======== THE DATA ========

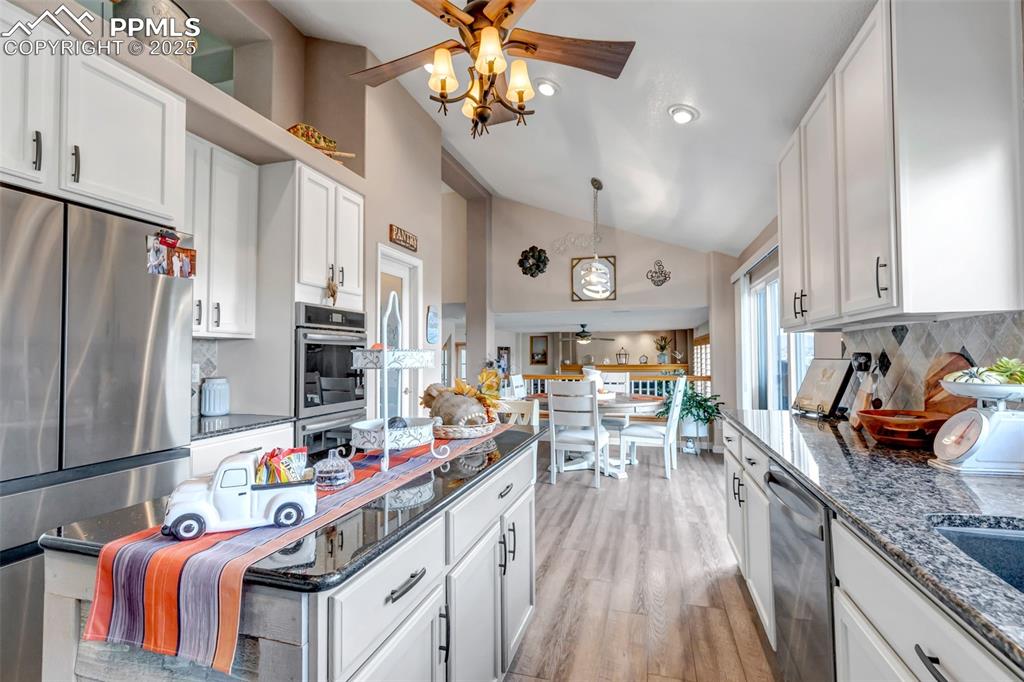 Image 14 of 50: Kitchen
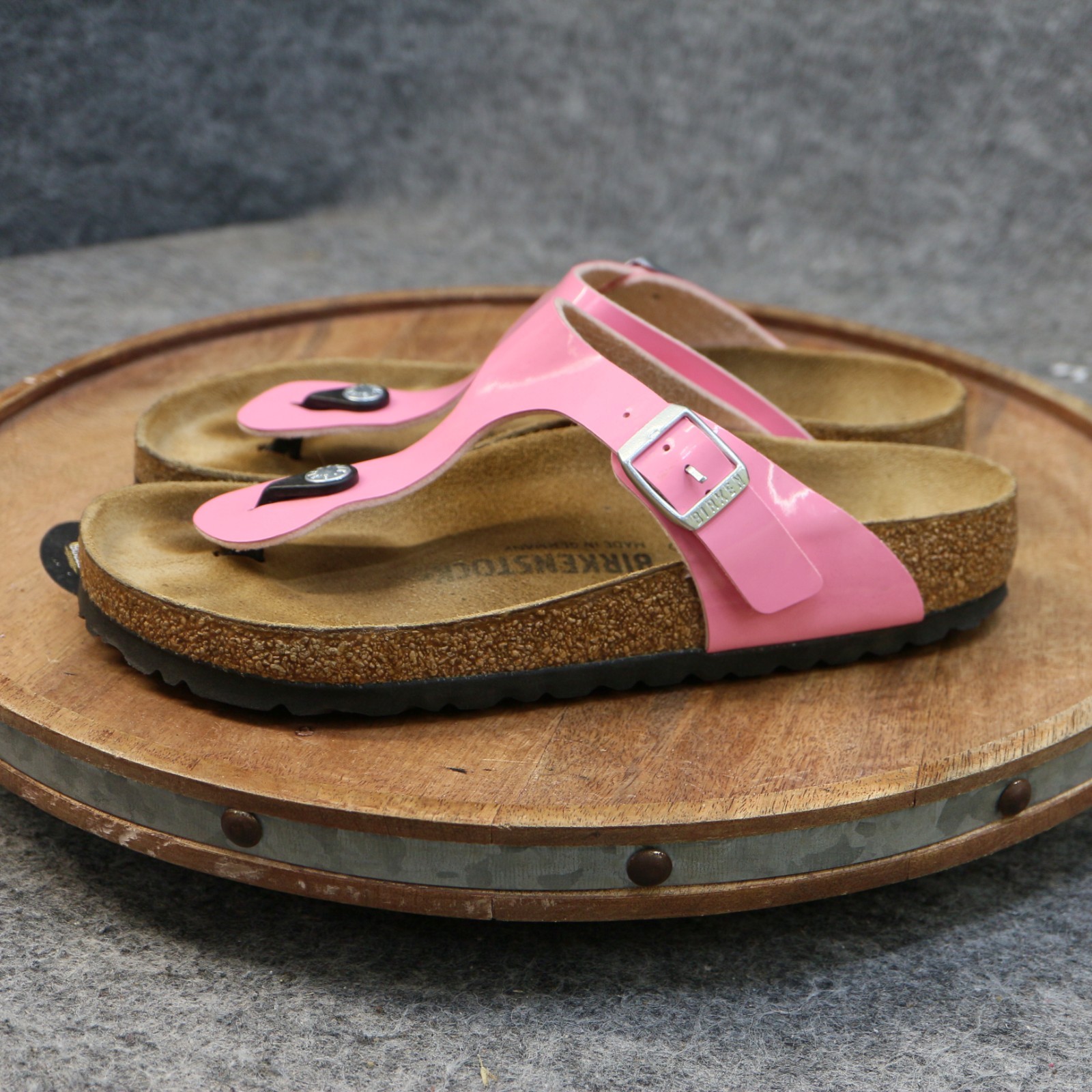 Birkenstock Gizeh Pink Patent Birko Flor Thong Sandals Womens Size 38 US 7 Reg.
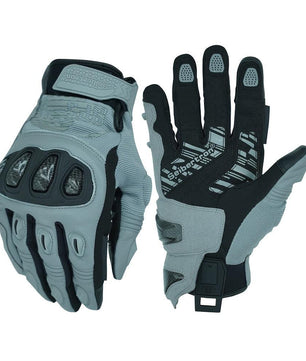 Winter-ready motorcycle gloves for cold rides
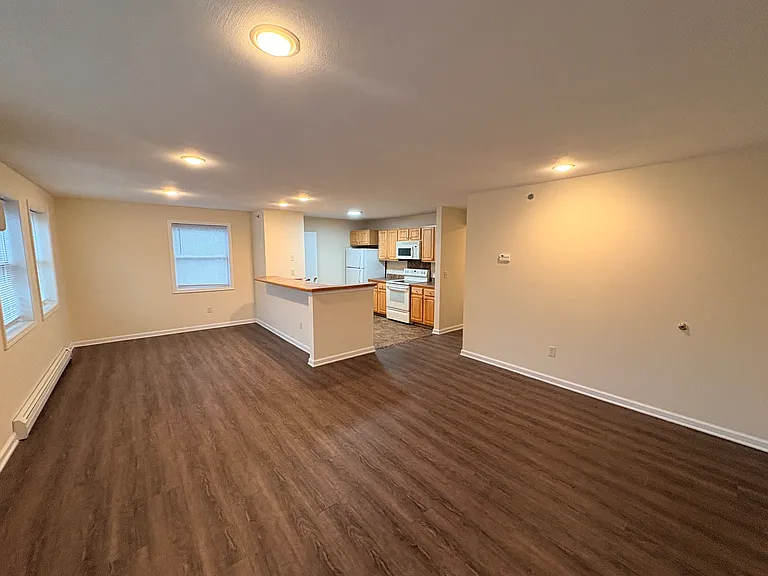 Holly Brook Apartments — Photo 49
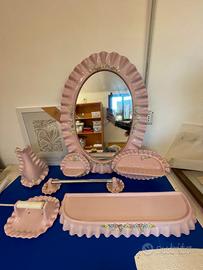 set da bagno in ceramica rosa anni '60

========

■ WHAT THE TASK ASKS
Copy all of the records verbatim, omitting the pictures.

■ TASK SOLUTION
 Image 14 of 50: Kitchen
 Birkenstock Gizeh Pink Patent Birko Flor Thong Sandals Womens Size 38 US 7 Reg.
 Winter-ready motorcycle gloves for cold rides
 Holly Brook Apartments — Photo 49
 set da bagno in ceramica rosa anni '60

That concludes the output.